Frequently Asked Questions
Q: Does this error always mean data corruption?
A: Not always, but it is a strong indicator. The error can also occur when importing data from external sources with incompatible formats. For data stored in ClickHouse tables, it most commonly points to corruption from disk errors, filesystem issues, or network problems during replication.
Q: Can I recover data from a corrupted part?
A: If the table is replicated, ClickHouse can fetch the part from a healthy replica. For non-replicated tables, you need a backup. If no backup exists, you may need to drop the affected partition and accept the data loss, or attempt manual recovery of the data files.

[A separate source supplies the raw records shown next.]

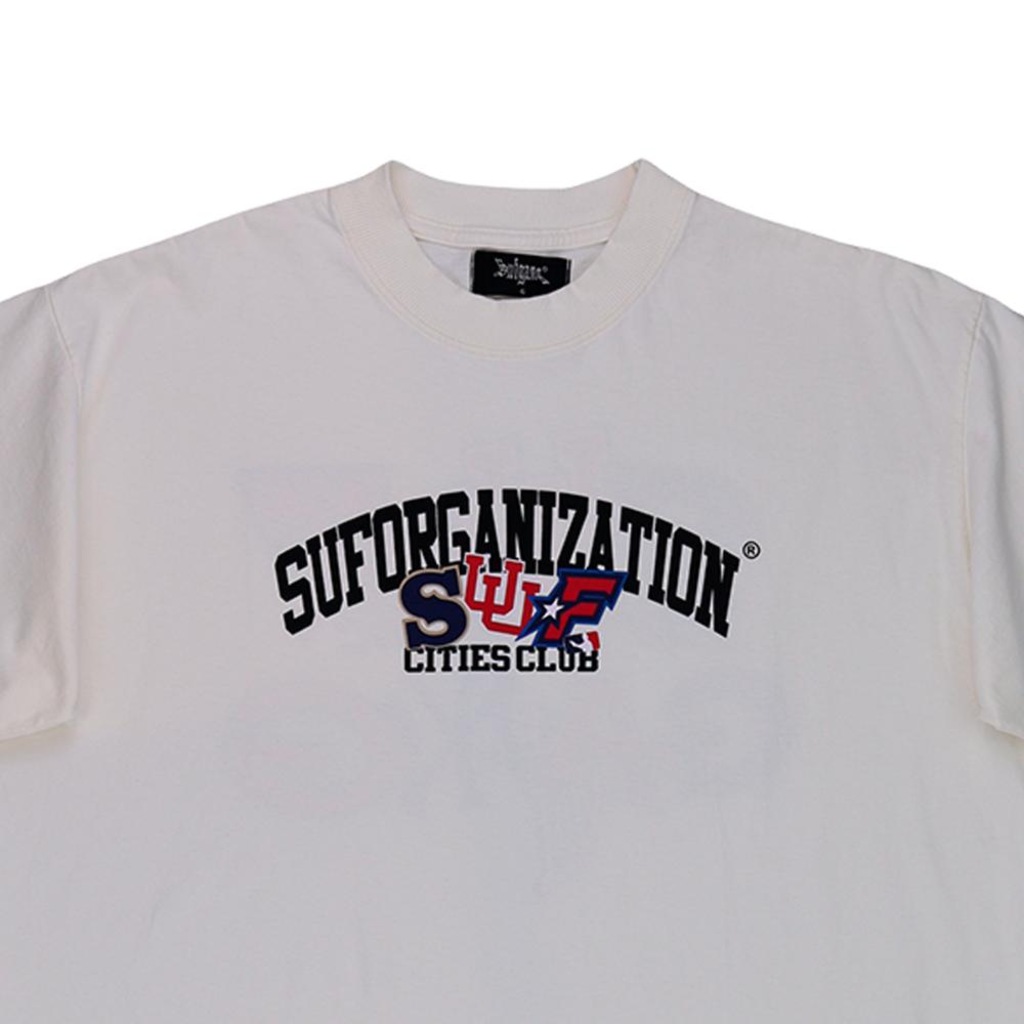 Imagem 3 do produto Camiseta Sufgang Sufcities- Masculina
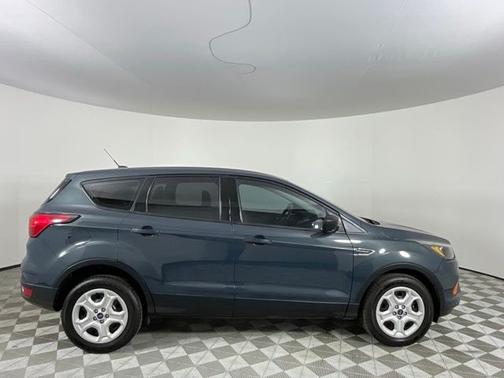 Sea Green 2019 Ford Escape S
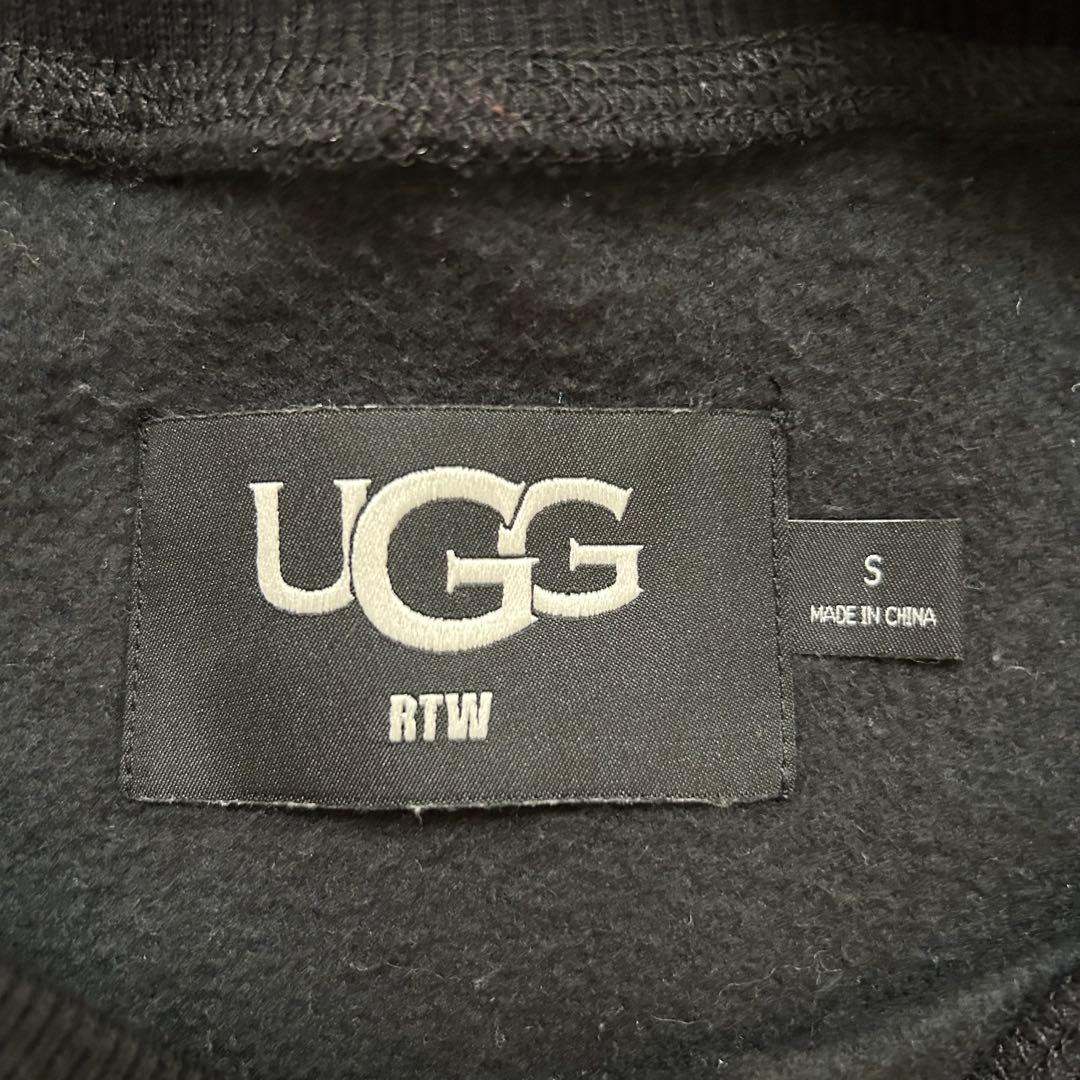 UGGアグスウェット トレーナー 1123718 レディース　S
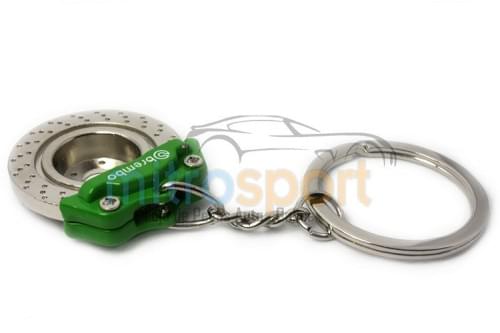 Porta Chaves Disco de Travão Brembo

Q: How can I prevent compressed block corruption?
A: Use ECC memory, reliable storage with checksums (such as ZFS), and replicated tables. Enable ClickHouse's built-in checksums (they are on by default) and monitor disk health proactively.
Q: What is the maximum compressed block size in ClickHouse?
A: The default max_compress_block_size is 1,048,576 bytes (1 MB). The safety check for reading allows somewhat larger blocks, but blocks significantly exceeding expected sizes trigger the TOO_LARGE_SIZE_COMPRESSED error.